Intanto (lasciando per ultime le argomentazioni sulla Sardegna) vi si può riconoscere che una sola camera la quale esprima la fiducia al governo (e cui sola spetti l’approvazione del 95% o più delle leggi), con una maggioranza comunque determinata dal voto (come in numerose democrazie meglio funzionanti e solide della nostra fin qui), renderebbe finalmente attuabili i programmi di legislatura che il Paese abbia preferito (e renderebbe quindi la maggioranza ben identificata come responsabile di quanto avrebbe o non avrebbe ottenuto con le sue politiche).
Il Senato dei territori, comunque inserito nel processo legislativo (e democratico quanto altre Camere in altre democrazie), dovrebbe compensare l’accentramento di competenze legislative dettato dalla nuova riforma del Titolo V (accentramento di fatto già largamente vigente, come accennato sopra, in virtù della giurisprudenza della Corte Costituzionale degli ultimi anni).
Sembrano, questi sul piatto del Sì, aspetti marginali? Sembrano svantaggi o pericoli? Se ne vuole aver paura?
I vantaggi discenderebbero dal superamento della estenuante politica fitta di consociativismo e di responsabilità evanescenti che ci sembra, purtroppo, la normalità, immodificabile per paura se non per convenienza.
Pensare di rimanere in questa situazione per salvare l’attuale assetto autonomistico della nostra Regione sembra saggio? Si pensa che con la sconfitta dei Sì il futuro vedrebbe la Sardegna fiorire entro l’ordinamento ben noto e avvicinare così maggiore sovranità? O si pensa che un “tanto peggio” per l’Italia potrà mai risultare in un “tanto meglio” per la Sardegna? Si pensa che un sacro e migliore spirito di riforma ci porterà entro tempi ragionevoli a un assetto costituzionale più favorevole, per l’Italia e/o per la Sardegna?
Scelgo, in definitiva, di non avere paura davanti all’occasione di cambiamento che si presenta (inutile pensare potesse essere migliore nella situazione data; ragionevole pensare non se ne presenteranno di migliori per troppo tempo). Scelgo di fidarmi della solidità democratica di un Paese (mal unito quanto si voglia) che non può ancora pagare prezzi superiori agli altri per un’assicurazione anacronistica contro un nuovo Mussolini (se non anche contro il ritorno di un qualche comunismo reale): erano costi che si potevano sostenere lungo la guerra fredda, grazie alle garanzie di qualche alleato, ma da un pezzo non più.

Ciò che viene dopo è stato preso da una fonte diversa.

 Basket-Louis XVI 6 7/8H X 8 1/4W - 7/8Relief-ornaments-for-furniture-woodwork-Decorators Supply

E scelgo di avere fiducia in quello che la Sardegna, anche in questo nuovo assetto costituzionale, saprebbe progettare e costruire per sé stessa.

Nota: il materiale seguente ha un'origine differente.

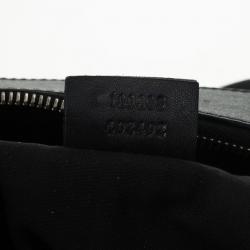 Pre Owned Gucci Black GG Canvas Gold D Ring Hobo Bag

Si vorrà dire che i Sardi che voteranno Sì ripeteranno l’errore che fu la richesta della Fusione Perfetta nel 1847. Credo di conoscere la storia, mi chiedo comunque quale altro ruolo allora avrebbe potuto giocare la Sardegna (allora, dico, e non al tempo della Sarda Rivoluzione), quanto avrebbe cambiato conservare istituzioni e “privilegi” che risultavano da tempo solo sulla carta e, infine, quanto quel passaggio abbia invece incluso la Sardegna nel nascente Risorgimento italiano (fatto ovunque da minoranze non tanto ossessionate dalle procedure democratiche, proprio come furono in Sardegna i sostenitori di quella Perfetta Fusione). Se da tempo su questa sorta di ingresso nel Risorgimento piace esprimere recriminazioni e pentimenti, potrà essere di qualche (magra) consolazione che recriminazioni e pentimenti su quel processo di unificazione siano da sempre espressi da tanti anche fuori dalla Sardegna.